START Material supplied

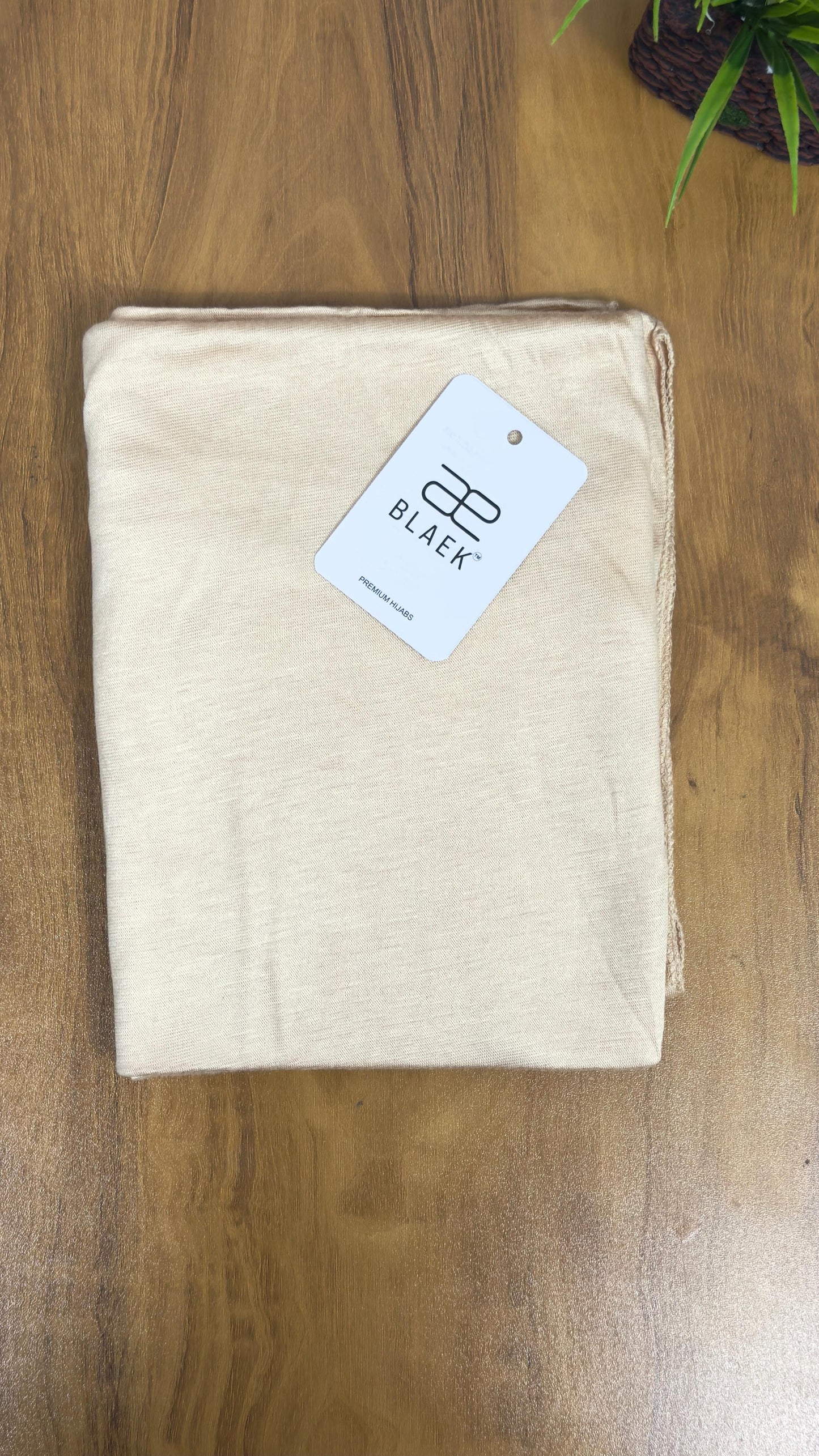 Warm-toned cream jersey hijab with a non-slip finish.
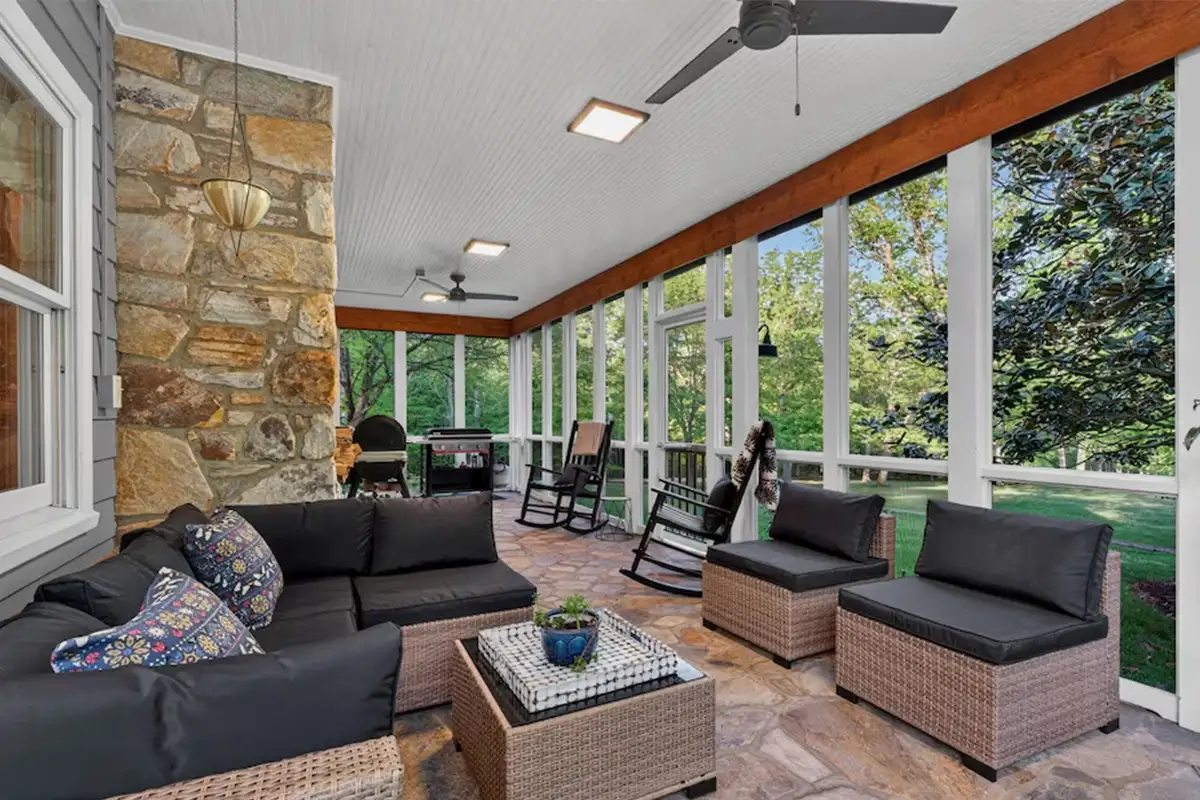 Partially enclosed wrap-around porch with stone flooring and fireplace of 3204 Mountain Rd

END Material supplied
START Material supplied

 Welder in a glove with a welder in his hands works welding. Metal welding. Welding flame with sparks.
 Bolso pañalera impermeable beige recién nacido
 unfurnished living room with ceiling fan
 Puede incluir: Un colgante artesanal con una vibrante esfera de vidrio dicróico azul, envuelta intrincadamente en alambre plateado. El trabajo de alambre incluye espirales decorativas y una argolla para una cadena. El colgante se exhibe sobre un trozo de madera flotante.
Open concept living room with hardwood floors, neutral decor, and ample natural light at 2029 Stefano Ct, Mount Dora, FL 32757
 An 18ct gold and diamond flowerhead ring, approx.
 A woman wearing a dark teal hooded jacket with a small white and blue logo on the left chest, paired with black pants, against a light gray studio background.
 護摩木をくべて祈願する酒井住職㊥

END Material supplied
START Material supplied

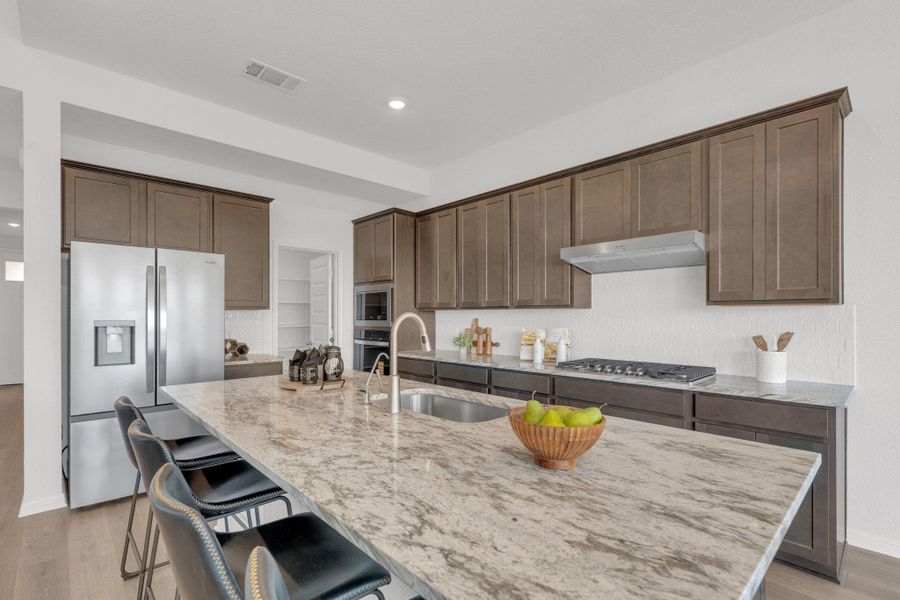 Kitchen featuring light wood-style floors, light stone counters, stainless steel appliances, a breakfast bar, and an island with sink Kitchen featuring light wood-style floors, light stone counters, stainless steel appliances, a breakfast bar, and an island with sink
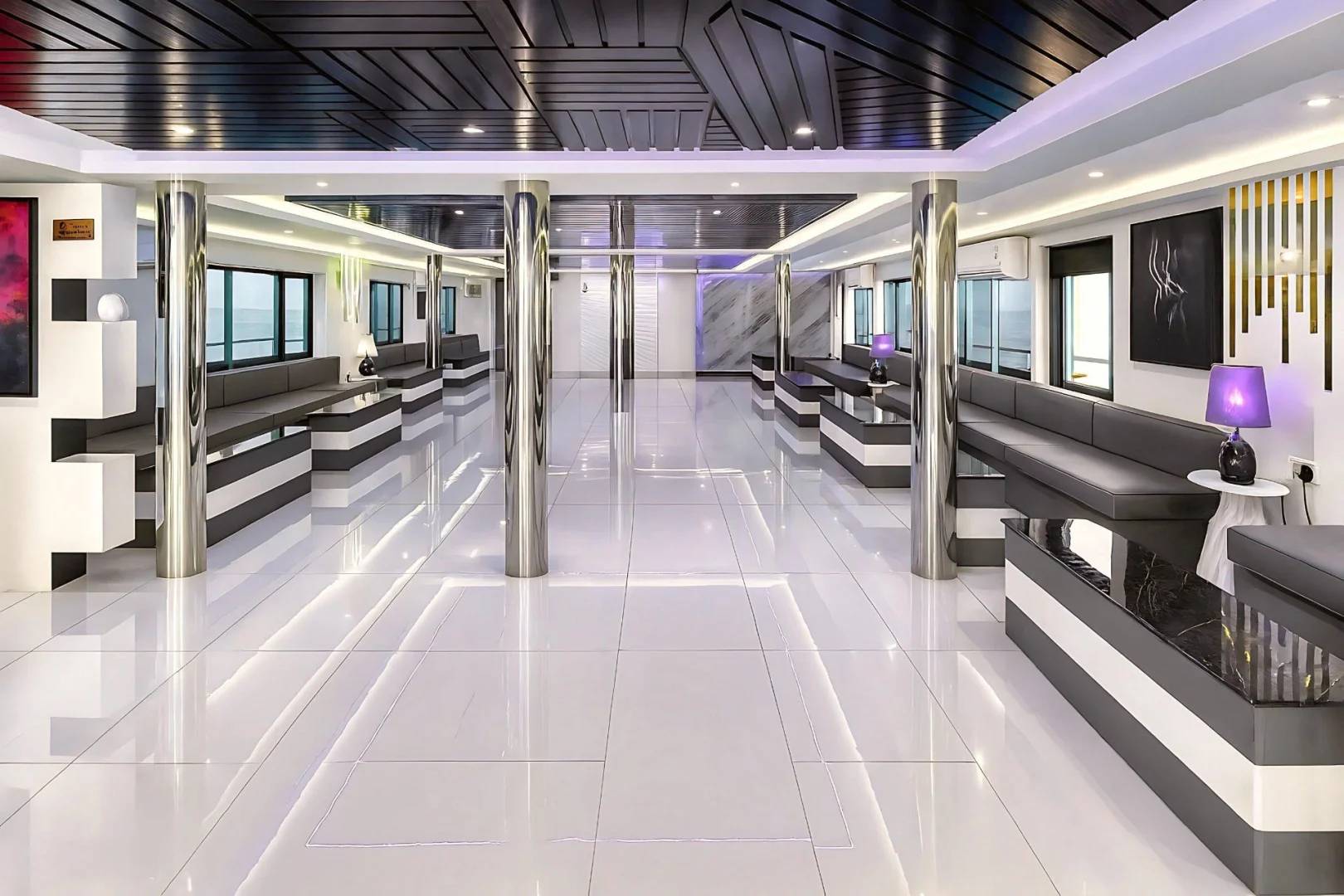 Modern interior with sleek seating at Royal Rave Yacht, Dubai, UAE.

END Material supplied

--- Assignment ---
Over the whole listing above, give the number of lines in which "living" occurs, and no other words.

--- Task answer ---
2